Pimlico owner Magna's stock delisted

LIZ FARMER
Daily Record Business Writer
March 4, 2009 7:32 PM

On the day before many believe it will declare bankruptcy, the Canadian-based company that owns Laurel and Pimlico racetracks has notified the federal government its stock will be delisted from the Toronto Stock Exchange.

Magna owns racetracks in Maryland including Pimilico.Magna Entertainment Corp.’s stock, which opened at 30 cents a share on Wednesday, will be delisted on April 1. Following the news, shares fell more than 31 percent for the day, closing at 20 cents. Two years ago, the stock was worth $76 a share.

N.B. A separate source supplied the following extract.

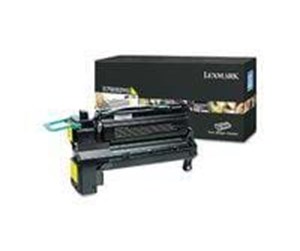 Printertilbehør blekk/toner - Lexmark Extra High Yield Print Cartridge X792 - Laser toner Yellow - X792X2YG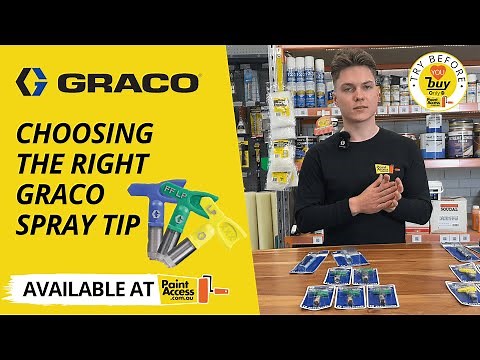 Choosing the Right Graco Spray Tip | PaintAccess Guide 🎨🛠️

Magna received the delisting notice from the Toronto Stock Exchange Tuesday, two days before its payment on a $40 million loan to a Canadian bank is due — the first of three loans totaling $226 million due this month for the financially distressed company. After watching Magna accumulate more than $600 million in losses over the last six years, racing industry analysts and officials have said they expect the company to declare bankruptcy as early as Thursday.

“It’s a huge deal [for the racing industry],” said Tim Rice, who follows the horse racing industry at Rice Voelker LLC in Louisiana. “If you talk to people that owe their livelihoods to racing horses at tracks, there’s a lot of fear out there about where all this is going to end up.”

In addition to Laurel and Pimlico, Magna’s U.S. operations include Santa Anita Park and Golden Gate Fields in California and Gulfstream Park Racing and Casino and the training facility Palm Meadows in Florida. The California Horse Racing Board called an emergency meeting for Friday after new broke of the company’s upcoming delisting. The loan due Thursday is guaranteed by unspecified assets of Magna’s two California tracks.

If the company declared bankruptcy this month, its tracks would stay open but Magna Chairman Frank Stronach’s control would be limited as the company undergoes reorganization procedures.

“If it can’t come up with some kind of alternative financing, the tracks will keep operating for some time, but the quarterbacking will revert to the debt holders and not to Stronach unless he’s able to work out some kind of deal,” said Rice.

That means that while Pimlico’s Preakness Stakes, the largest race in Maryland and the second leg of racing’s Triple Crown, would go on this year, next year is “an open question,” according to Rice.

“The race will absolutely happen next year, but where it will be and
who will run it are unknowns right now,” he said.